# Linear Regression

Linear regression is a widely used statistical technique for modeling the relationship between a dependent variable and one or more independent variables. It assumes a linear relationship between the variables and aims to find the best-fit line that minimizes the difference between the predicted and actual values. The goal of linear regression is to make predictions or understand the impact of independent variables on the dependent variable.

In simple linear regression, we consider a single independent variable and a single dependent variable. The relationship between the variables can be represented by the equation:

$y = mx + c$

Where:

- `y` is the dependent variable
- `x` is the independent variable
- `c` is the y-intercept (the value of `y` when `x` is 0)
- `m` is the slope (the change in `y` for a unit change in `x`)

In higher dimension this equation becomes:

$y = wx + b$

The goal is to estimate the values of $w$ and $b$ that best fit the data.

**Data**

Input: $x$ (i.e, measurements, covariates, features, independent variables)

Output: $y$ (i.e., response, dependent variable)



**Goal**

You need to find a regression function $y\approx f(x, \beta)$, where $\beta$ is the parameter to be estimated from observations.

For Simple Linear regression: $y = \beta_0 + \beta_1x$


For Multiple Linear regression: $y  = \beta_{0} + \beta_{1}x_{1} + \beta_{2}x_{2} + \cdots + \beta_{d}x_{d}$, where $d$ is the number of features.


A regression method is linear if the prediction $f$ is a linear function of the unknown parameters $\beta$.

## Assumptions of Linear Regression

https://www.geeksforgeeks.org/assumptions-of-linear-regression/

- __Linear regression should be linear in parameters__

  The response variable, $y$ is the function of input variables, $x$'s and parameters, $\beta$'s.
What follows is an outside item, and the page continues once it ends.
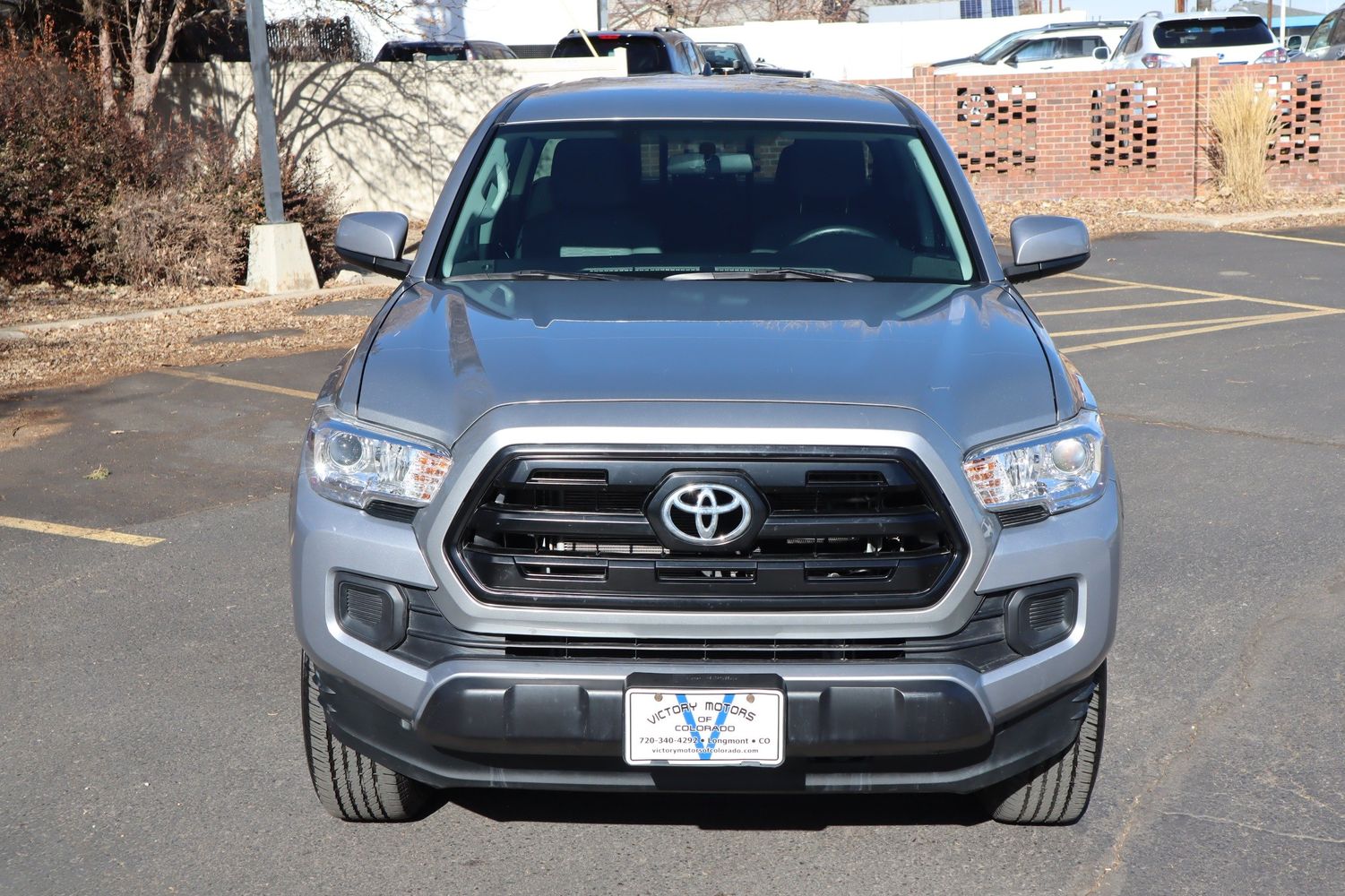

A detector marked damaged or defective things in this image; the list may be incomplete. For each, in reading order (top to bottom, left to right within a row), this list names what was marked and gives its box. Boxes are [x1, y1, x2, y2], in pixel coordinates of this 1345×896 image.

But the linearity condition is up to parameters. The output variable should be linear in terms of parameters, not necessarily in terms of input variables.

  For example: 
  
  The equation below is linear in terms of both inputs and parameters, so hold the assumption.

  $$y = \beta_0 + \beta_1x$$  

  Similarly, equation below is not linear in terms of inputs but linear in terms of parmaeters so it holds the assumption.

  $$y = \beta_0 +\beta_1x^2$$

  Lastly, the equation below is linear in terms of input but is not linear in terms of parameters, so it violates the assumption and is not a linear regression model.

  $$y = \beta_0 +\beta_1^2x$$

- __There shouldn't be multicollinearity.__

  Multi colinearity here means perfect colinearity. This assumption is for input variables. In simple linear regression, where we have a single input variable, this assumption doesn't play any role, but in case of multiple linear regression, we should be careful. Any two or more sets of input variables should not be perfectly correlated. Perfect correlation might not make the predictor's matrix full rank, which creates a problem in estimating the parameters.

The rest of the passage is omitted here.